Dość ciekawe narzędzie, które znajduje zastosowanie podczas pracy z grupą – najczęściej jednorodną komórką   organizacji,  czyli  sekcja  czy  działem.  Potrzebujemy  jedynie  wspomnianej  grupy  oraz sprawnego moderatora i możemy wypuszczać się na szerokie wody grupowej burzy mózgów. Dość łatwo i praktycznie zaangażować grupę wokół konkretnego problemu, który jest związany z jej pracą. Czyli  –  kłopoty  z  zachowaniem  szefa  czy  problemy na  linii  sekcja  A  –  sekcja  B.  Rozmawiamy o trudnościach, prowokujemy, a przede wszystkim słuchamy, co uczestnicy mają nam do powiedzenia. Z   konkretnych   sytuacji   i   zachowań,   do   uzyskania   których   dążymy,   budujemy   sobie   obraz funkcjonowania jednostki i widzimy jak na dłoni, z czym sobie radzi znakomicie, a gdzie warto by było przyłożyć   rękę  i  wysłać  tych  ludzi  na  trening  asertywności  czy  warsztat  integracyjny.  Bardzo pożyteczne  narzędzie,  wykorzystujące  synergię  grupy,  czasami  zmierzającą  wprost  do  treningu interpersonalnego, ale  cechującą się dość poważna wadą, a mianowicie tzw. syndromem myślenia grupowego.  Inaczej  mówiąc  –  grupa  może  niekiedy  wzmacniać  nawet  najbardziej  nieracjonalne tematy i wnioski, bo rzadko kto odważy się wstać, informując większość, że „król jest nagi”. Z tego powodu wszelkie tego typu grupy wymagają znakomitego moderatora, zdolnego uchwycić tego typu incydenty, ale też przede wszystkim takiego, który  poprowadzi spotkanie w sposób inspirujący, nie stojąc sztywno w miejscu i pytając po raz trzeci: „no naprawdę nie macie żadnych problemów? Nie wierzę!”. Osoba moderatora jest tu niezwykle ważna i  dlatego  też jest to potencjalna słabość tej techniki, jednakże ze względu na bardzo głębokie niekiedy efekty, warto się nią zainteresować.

Test kompetencyjny

Testy  kompetencyjne  to  stosunkowo  popularna  metoda  diagnozy  kompetencji.  Nieprzypadkowo została jednak porównana przez mnie do psychozabawy – test jest do niej podobny pod względem konstrukcyjnym.  Test  kompetencyjny  składa  się  bowiem  zazwyczaj  z  szeregu  krótko  opisanych sytuacji, w których  musimy  dokonać wyboru, które z podanych rozwiązań jest najlepsze, a które najgorsze. Jest to tzw. test wykonania. Można spotkać jeszcze tzw. testy introspekcyjne, Składają się one z pytań odwołujących się do  oceny funkcjonowania danej osoby, a odpowiedzi zawarte są na jakiejś  skali.  Zwykle  są  to  różnego   rodzaju  sformułowania  dotyczące  zachowań  w  pewnych sytuacjach, gdzie osoba badana ma określić jak sobie w tej sytuacji radzi.

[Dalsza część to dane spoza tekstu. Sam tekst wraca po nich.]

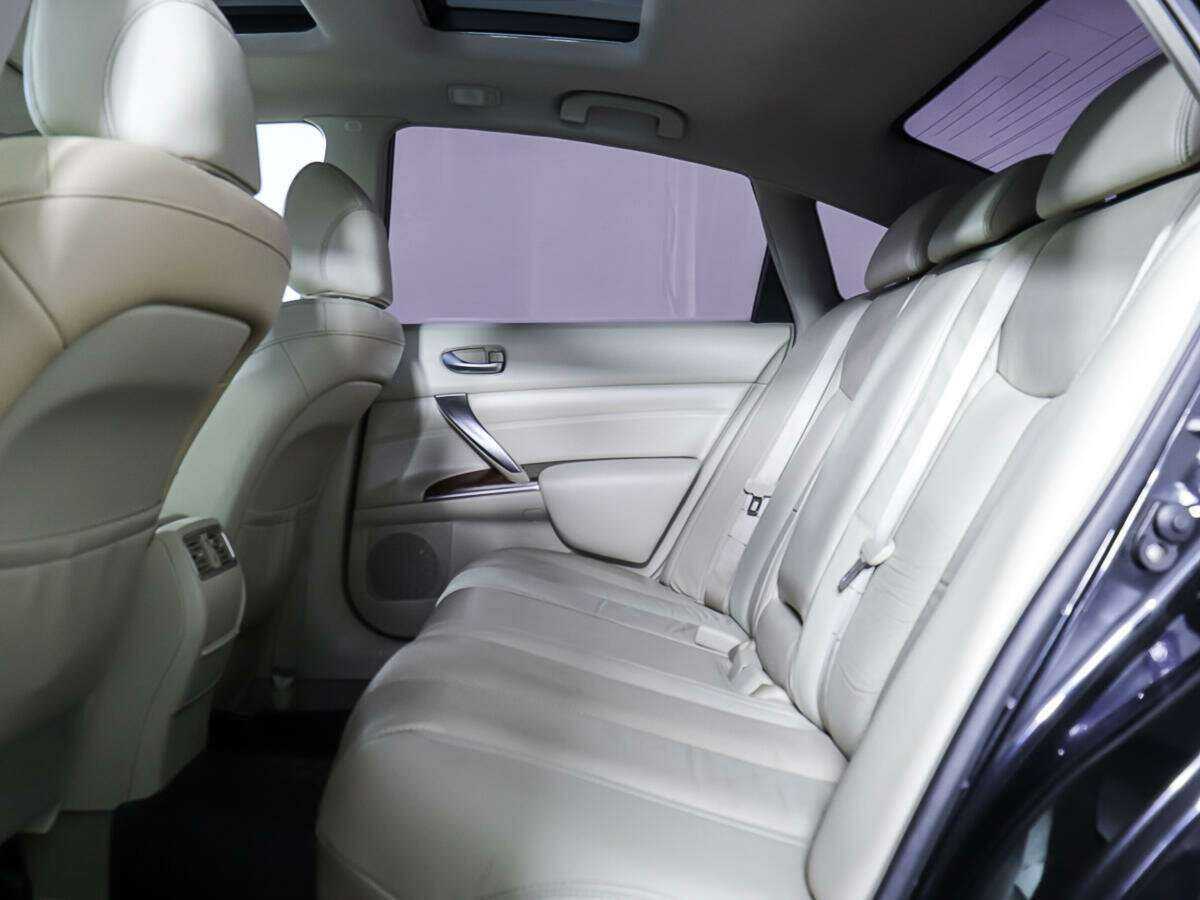 Nissan Teana с пробегом — 2010 год. Фото: #9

Do  zalet  testów  możemy  zaliczyć  na  pewno  to,  że  są  to  narzędzia  niezwykle  proste  w  użyciu. Uczestnik wypełnia kwestionariusz składający się kilkunastu lub kilkudziesięciu pytań, co nie zajmuje zbyt wiele czasu. Interpretacja takiego kwestionariusza jest również niezwykle prosta, polega bowiem na  przyłożeniu  odpowiedniego  klucza  i  obliczeniu  wyników  dla  danej  kompetencji.  Możemy  też niekiedy komponować testy z dostępnych modułów – i układać zestawy badające tylko interesujące nas kompetencje. Jeśli testy są  dobrze przygotowane od strony metodologicznej uzyskane wyniki można uznać za dość wiarygodne – ale  znowu z zastrzeżeniem, że w odniesieniu do wiedzy osoby badanej, a nie jej rzeczywistego zachowania.

Często, ze względów metodologicznych, testy mają ściśle określony zakres badania - od kilku do kilkudziesięciu sztywno określonych kryteriów. Jeśli nasz zbiór kompetencji jest zróżnicowany i nie pokrywa się z jednym testem to często trzeba wykorzystać dwa, trzy a czasem cztery testy. W takiej sytuacji samo badanie oczywiście wydłuża się, a konieczność odpowiadania na wiele pytań stanowi dyskomfort dla respondenta i przesłankę do traktowania wyników z przymrużeniem oka.

Kompetencje   są   różnie   definiowane   w   różnych   firmach.   Testy,   bazujące   na   konkretnych zachowaniach  z  kompetencji,  powinny  zatem  przybierać  różne  formy  dla  zbadania  tak  samo nazwanego kryterium, ale mającego inne wskaźniki. Oznacza to ni mniej ni więcej tyle, że w zasadzie do każdego zestawu kompetencji należy budować odpowiedni test, choć w praktyce robi się to raczej rzadko.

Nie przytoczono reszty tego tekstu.